У молодого человека, облокотившегося на ограждение набережной возле причала, я спросила, не этот ли пароходик отходит в Гурзуф. Он вздрогнул, словно я его хлопнула по плечу, медленно поднял на меня свои темные, как море, глаза и ответил. Я что-то снова спросила, он ответил и спросил в ответ. И мы стали разговаривать. Вы понимаете, о чем я. Ведь разговор – это как танец, только лучше. Это красивая песня, которую подхватывают. Тетенька Турова даже говорит, что одно из главных жизненных удовольствий – когда можно говорить обо всем, не страшась показаться смешной или глупой. Как-то само собой получилось, что мы пошли вместе вдоль набережной: я, в наряде от лучшей модистки, и он – в лоснящемся мундирчике, похожем на чиновничий.
– Вы бывали в Париже? – в ходе разговора спросила я его.
– Телом не бывал, – ответил он словами чеховского персонажа, – а вот духом всю вселенную облетел.
И это решило все. Мы с Георгием – так он назвался – стали встречаться ежедневно. К вечеру он заканчивал свои скучные дела в конторе графини Шуваловой, и мы шли гулять. Очень скоро мы знали друг о друге практически все. Во всем мире столько обо мне знала еще только тетенька Турова.
Он тоже открывал передо мной свою вселенную. В ней нянька говорила четырехлетнему мальчику: «Хватит тебе на горшке сидеть. Вставай, твоя мамка умерла». Этим мальчиком был Георгий. Там отец мог подписать векселей на огромную сумму и сбежать, оставив на растерзание кредиторам пятнадцатилетнего юношу. Этим юношей был Георгий. Там, в ворохе бумаг, под пылью скучной конторской работы гибнет отважное сердце настоящего мужчины. Конечно, это было сердце Георгия.
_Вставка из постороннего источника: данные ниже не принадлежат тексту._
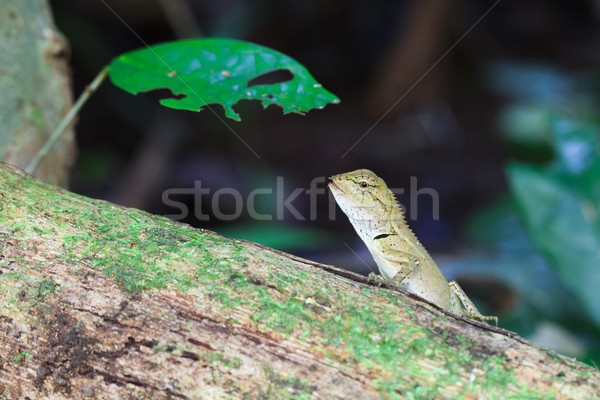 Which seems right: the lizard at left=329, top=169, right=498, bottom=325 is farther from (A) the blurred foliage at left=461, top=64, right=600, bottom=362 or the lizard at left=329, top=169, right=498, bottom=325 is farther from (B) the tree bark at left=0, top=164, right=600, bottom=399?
(B) the tree bark at left=0, top=164, right=600, bottom=399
– Скажите, – спрашивал меня Георгий, – отчего наша жизнь устроена таким несправедливым образом, что одной, немногочисленной группе достается все, а другим только тяжелая работа?
Я молчала, и мне было мучительно стыдно за то, что мой папа, главный инженер завода, есть самый настоящий эксплуататор. И за то, что у моей семьи есть свой дом в Рыбинске с видом на Волгу. И за то, что у нас служили две горничные. Я обещала себе, что, когда приеду, отдам им все платья. Ну, ладно, не все, но подарю им что-нибудь обязательно. Я давала себе слово, что начну относиться к ним, как к людям, а не как к прислуге. И как это действительно несправедливо, что мне все, а им ничего. Дошло до того, что мне стало стыдно даже за то, что утром я ем французскую булку с маслом. Определенно, Георгий открыл мне глаза.
Маменьке стало лучше, и мы засобирались домой. А может, она увидела во мне перемену и чутким женским сердцем разглядела опасность и предпочла спасти меня в ущерб себе.
Последовала мучительная прощальная сцена у того же причала, там же, где я с Георгием встретилась в первый раз. Мы обязались писать друг другу во что бы то ни стало, а он даже пообещал каким-нибудь образом приехать в Рыбинск.
Если честно, то с приездом в Рыбинск я стала быстро забывать Георгия. Он показался таким далеким, а моя к нему симпатия – смешной и ненужной. Письма подлили масла в этот огонь, который вспыхнул так случайно. Когда он говорил, то скорее был косноязычным, но его письма… Они были мускулистыми и истинными. Только благодаря этим письмам я поняла, что Георгий – настоящий мужчина. Более того: он мой мужчина. Он писал: «Зоя! Скрипят уключины, кричат чайки, это моя любовь к тебе будет долгой-долгой. Ржавая цепь якоря уходит под воду, это мои мысли стремятся к тебе. Сегодня прохладно, и размашистый ветер гоняет по набережной багряные листья – моя тоска по тебе скоро выстудит мое сердце. Запах твоих духов – везде, даже в прокуренной чайной. Это делает меня странным и бешеным, ведь так пахнет долгая дорога. Скорей бы пошел дождь. Он как обещание скорой встречи с тобой».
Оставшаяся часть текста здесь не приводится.